___ Source material ___

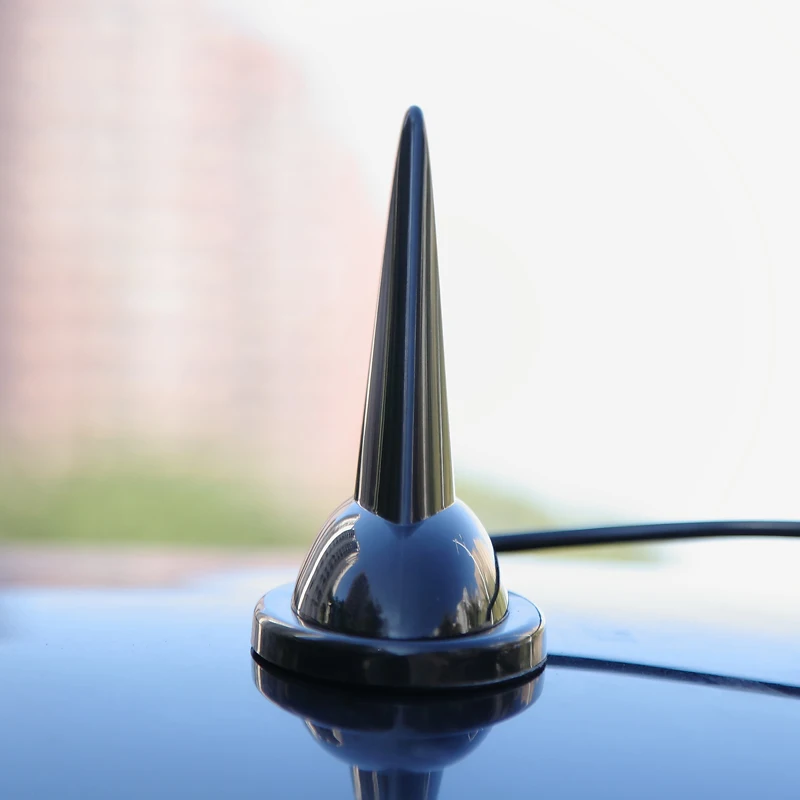 Антенна ABBREE Shark Fin SMA-Female 144/430МГц VHF UHF двухдиапазонная для радиостанций Baofeng UV-5R UV-82 BF-888S UV-9R Plus Walkie Talkie.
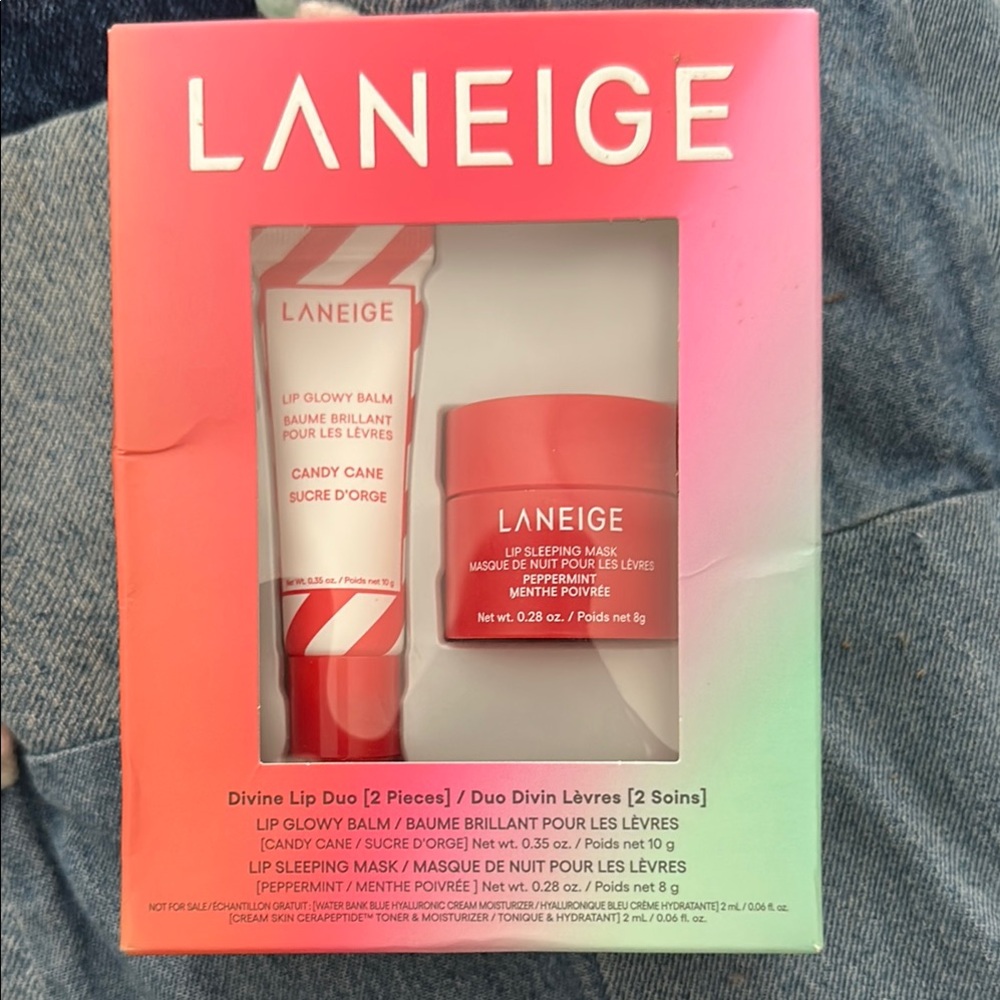 LANEIGE Lip Duo Set - Candy Cane & Peppermint
Limited Edition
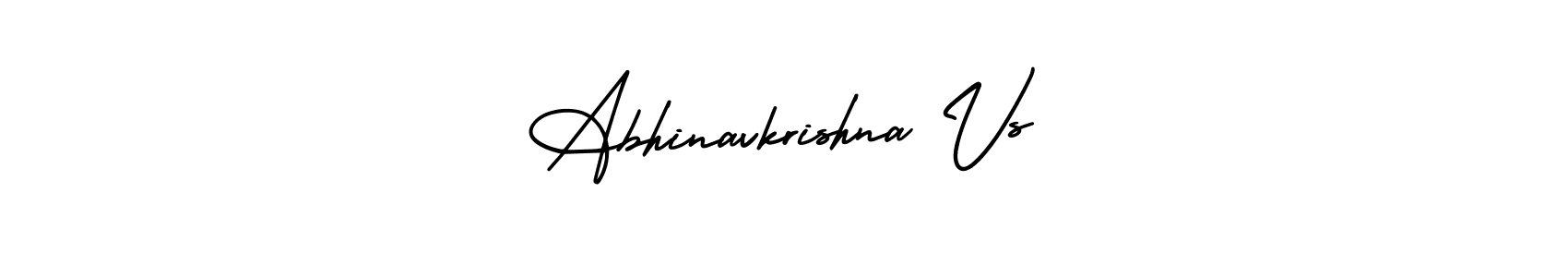 Also You can easily find your signature by using the search form. We will create Abhinavkrishna Vs name handwritten signature images for you free of cost using AmerikaSignatureDemo-Regular sign style. Abhinavkrishna Vs signature style 3 images and pictures png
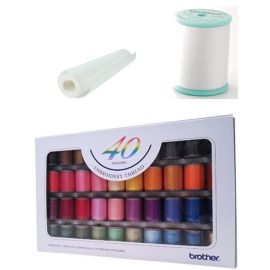 Brother ETS40 | Embroidery Kit | 40 Reels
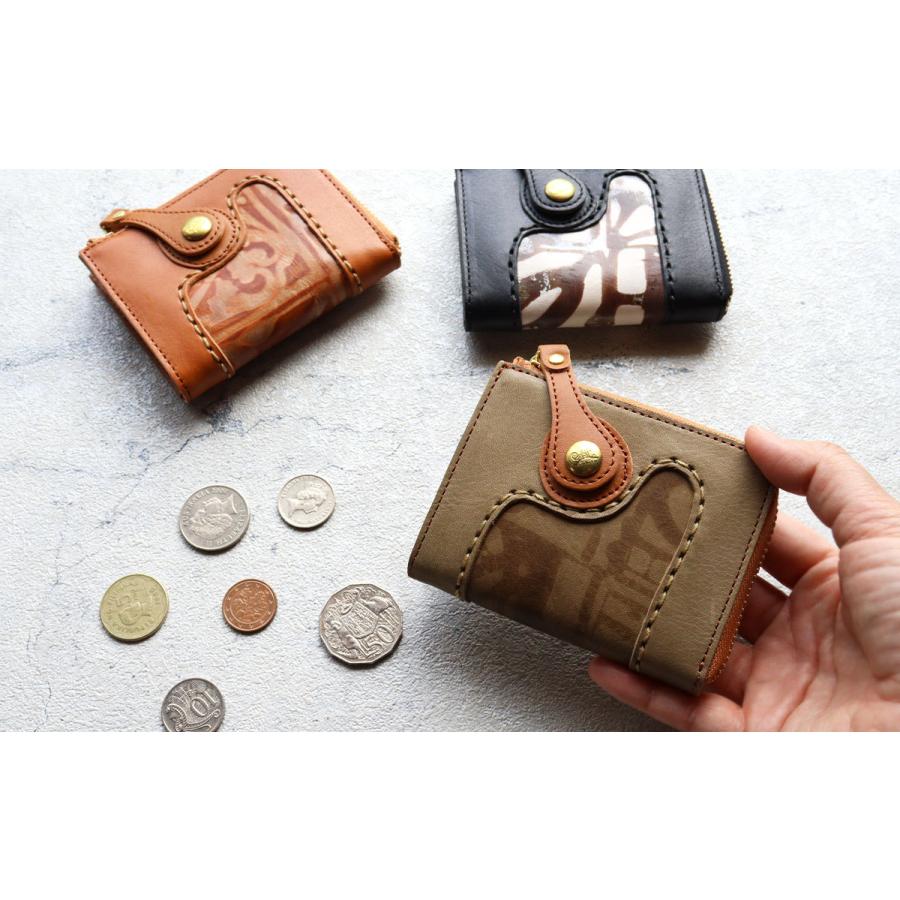 robita（ロビタ） 財布 二つ折り BATIK バティック染め ろうけつ染め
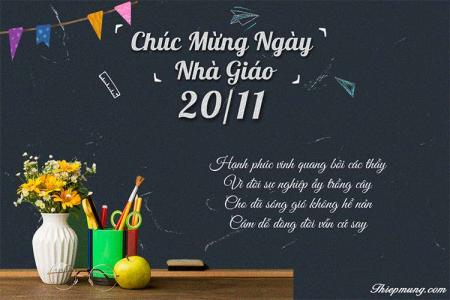 Viết câu chúc 20/11 hay, ý nghĩa trên bảng phấn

___

**Work required**
The whole listing, pictures excluded, should be output exactly.

**Reply**
 Антенна ABBREE Shark Fin SMA-Female 144/430МГц VHF UHF двухдиапазонная для радиостанций Baofeng UV-5R UV-82 BF-888S UV-9R Plus Walkie Talkie.
 LANEIGE Lip Duo Set - Candy Cane & Peppermint
Limited Edition
 Also You can easily find your signature by using the search form. We will create Abhinavkrishna Vs name handwritten signature images for you free of cost using AmerikaSignatureDemo-Regular sign style. Abhinavkrishna Vs signature style 3 images and pictures png
 Brother ETS40 | Embroidery Kit | 40 Reels
 robita（ロビタ） 財布 二つ折り BATIK バティック染め ろうけつ染め
 Viết câu chúc 20/11 hay, ý nghĩa trên bảng phấn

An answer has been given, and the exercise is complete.